# New Schwinn Deluxe 7



## cl222 (Apr 28, 2013)

I have a schwinn cruiser deluxe 7 from 2001 just like this one.



What do you think about this bike. Do you think it was a stupid idea or do you think they actually improved on the original phantom design. I think it could have a more creative name but it is definitely an improvement on the original phantom design. Its a mix of new and old. It was only made with high quality hubs and has schwinn typhoon tires. The only complaint I have is the poor assembly at my local bike shop. 

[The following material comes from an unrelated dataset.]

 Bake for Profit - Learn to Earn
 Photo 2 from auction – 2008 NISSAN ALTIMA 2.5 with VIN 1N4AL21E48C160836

I think some people did not understand that I never said it was funner to ride than classic bike with a good story. Most of us even ride unrestored bikes more than our restored ones because its just more fun.


----------



## Freqman1 (Apr 28, 2013)

I see no comparison to a real Schwinn Phantom. Real Phantoms have been ridden, abused, abandoned, and weathered for over 50 years. Try that with one of the new ones and its good for about a year and a half. I guess you could say I'm biased to the true classics. V/r Shawn


----------



## vincev (Apr 28, 2013)

Have a friend who had to have one of these.It was junk.The seat broke and one pedal broke on his first ride.The fenders are cheaply made.It will never stand up to the use the old Phantoms had.


----------



## cl222 (Apr 29, 2013)

Guess I just got a good one then. Nothing on mine has broken and it been ridden everywhere. I'm not saying that this is better than originals just that this is not your normal new walmart bike.


----------



## SirMike1983 (Apr 29, 2013)

They had a green and white one at a shop I used to frequent about 4-5 years ago. I gave it a pretty good going over, and it seemed like it would make a fine recreational type ride. I'll grant the build quality on the originals was better, but it seemed to at least attempt a return to better production for Schwinn. You're right that they seem to be doing more bottom feeding at the big box type stores these days. The Cruiser Deluxe 7 I looked over was better built than that. It looked to me as if different bits like pedals/etc could use better replacements, but overall it wasn't bad. I considered buying it as something different from my other bikes. The shop wanted a lot for it though, at least so much that I ended up buying an original Columbia balloon for less than the shop wanted for the 7.


----------



## babyjesus (Apr 29, 2013)

*Not Bad*

If you compare it to everything available new the same year I think it's pretty cool. It actually looks like a real ballooner from the 50s. 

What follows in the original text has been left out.